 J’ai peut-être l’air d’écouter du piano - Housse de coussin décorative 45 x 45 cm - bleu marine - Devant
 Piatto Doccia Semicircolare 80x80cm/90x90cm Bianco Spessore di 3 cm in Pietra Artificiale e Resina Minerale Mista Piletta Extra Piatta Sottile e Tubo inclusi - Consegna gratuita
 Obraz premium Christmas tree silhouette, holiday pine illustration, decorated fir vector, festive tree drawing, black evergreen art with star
==
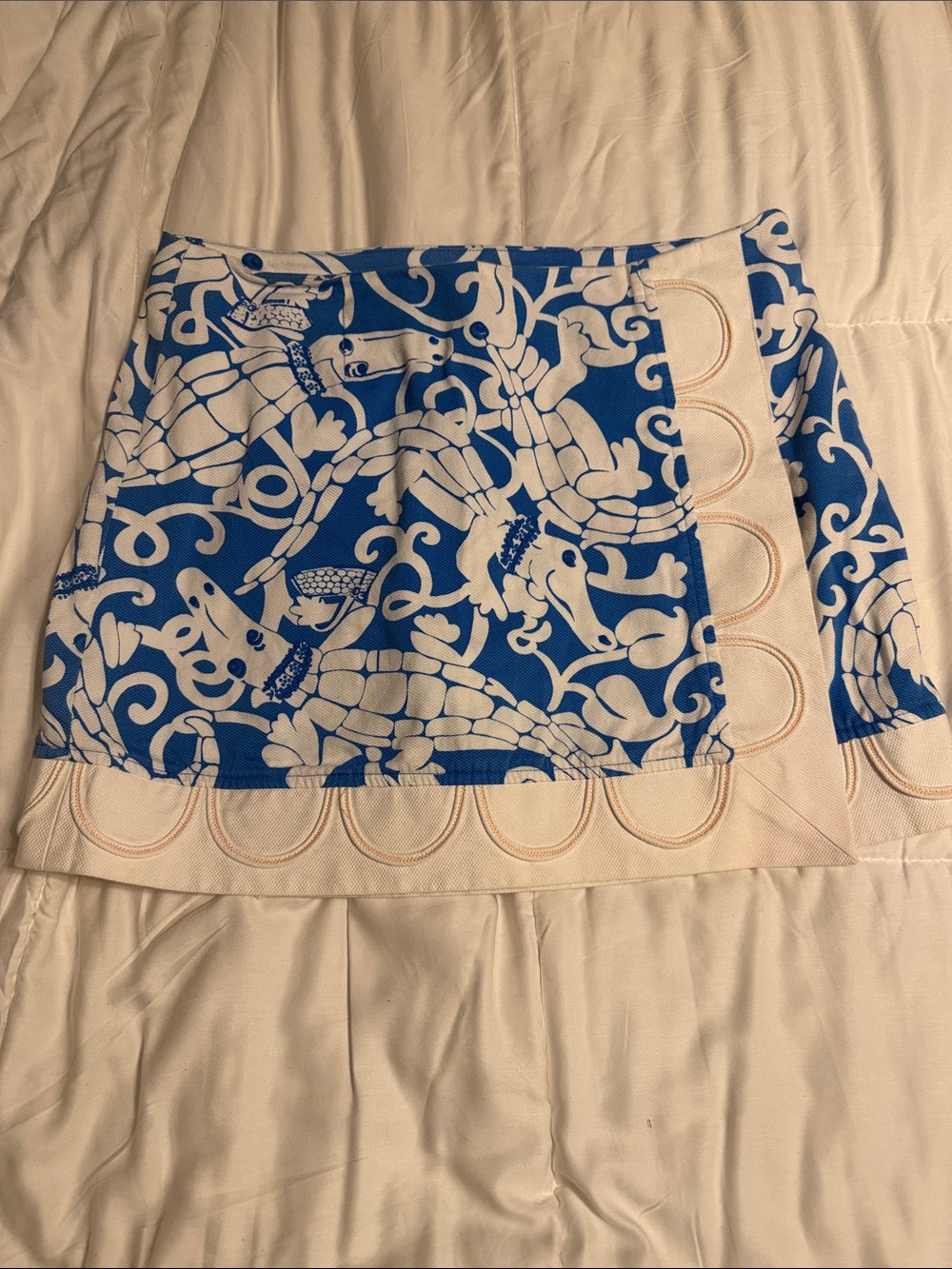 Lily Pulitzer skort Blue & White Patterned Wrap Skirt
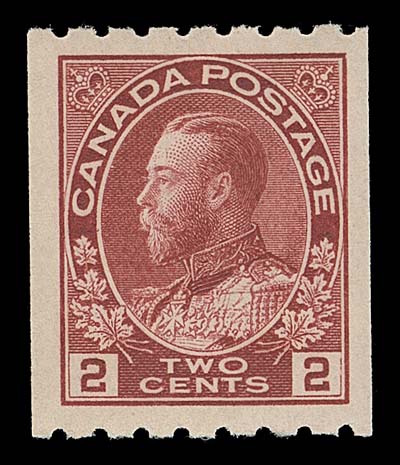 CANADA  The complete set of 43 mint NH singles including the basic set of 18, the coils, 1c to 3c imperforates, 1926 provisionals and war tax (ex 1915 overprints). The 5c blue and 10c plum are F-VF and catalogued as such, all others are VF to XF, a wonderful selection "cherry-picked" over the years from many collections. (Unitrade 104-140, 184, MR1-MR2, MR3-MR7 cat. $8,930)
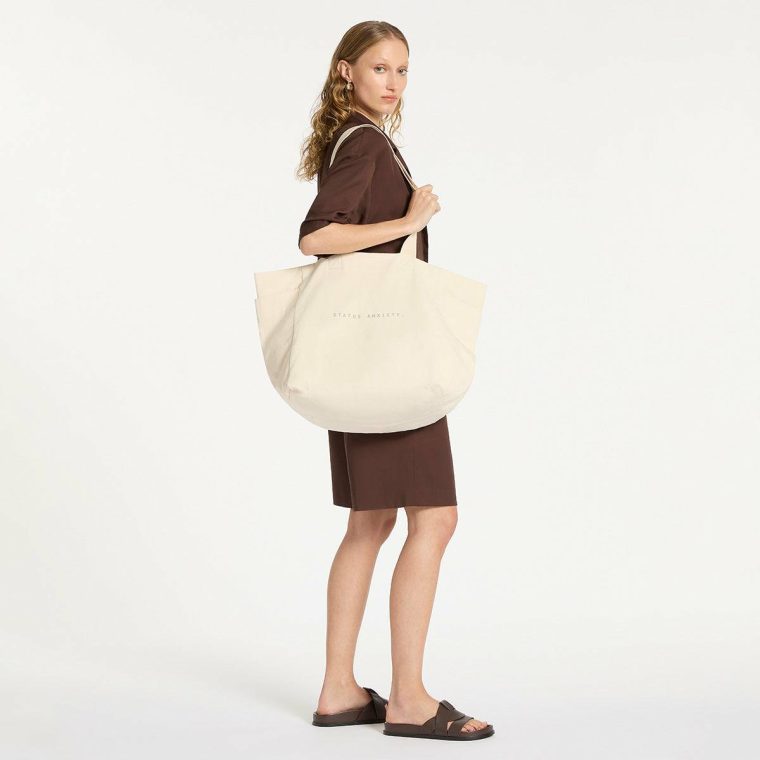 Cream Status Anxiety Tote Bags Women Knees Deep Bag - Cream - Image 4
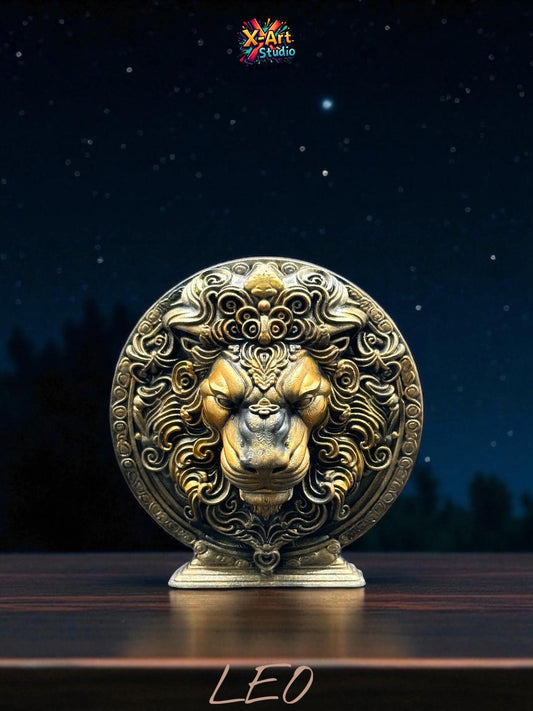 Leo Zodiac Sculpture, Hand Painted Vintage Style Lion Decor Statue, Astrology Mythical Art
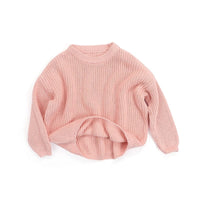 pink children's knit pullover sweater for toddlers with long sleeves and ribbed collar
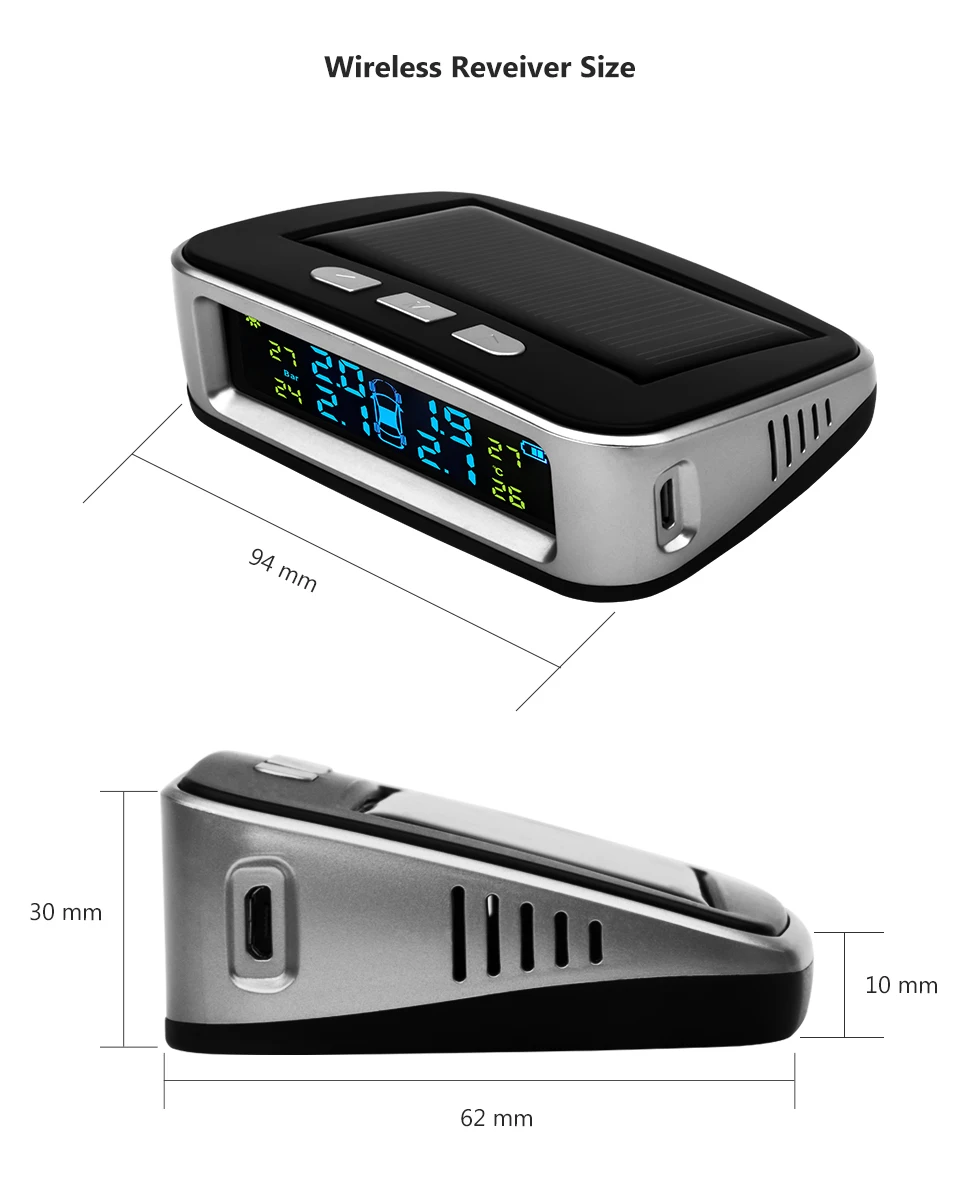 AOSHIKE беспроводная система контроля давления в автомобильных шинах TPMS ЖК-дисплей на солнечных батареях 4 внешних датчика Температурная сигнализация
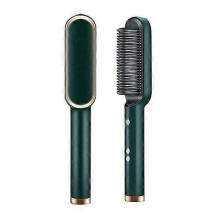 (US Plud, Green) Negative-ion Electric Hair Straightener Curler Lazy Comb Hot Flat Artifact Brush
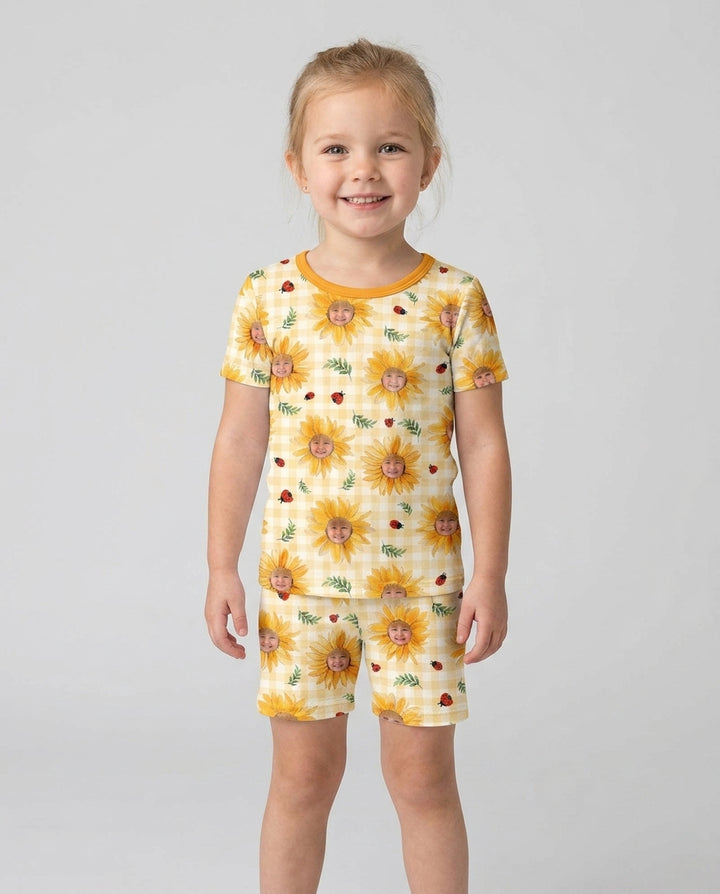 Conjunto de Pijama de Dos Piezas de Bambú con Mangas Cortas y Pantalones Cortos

Task goal – Both the line containing "(US Plud, Green)" and the line containing "Conjunto de Pijama" above belong in the output, as do the lines between them. Print them exactly, without pictures.

Expected answer –
 (US Plud, Green) Negative-ion Electric Hair Straightener Curler Lazy Comb Hot Flat Artifact Brush
 Conjunto de Pijama de Dos Piezas de Bambú con Mangas Cortas y Pantalones Cortos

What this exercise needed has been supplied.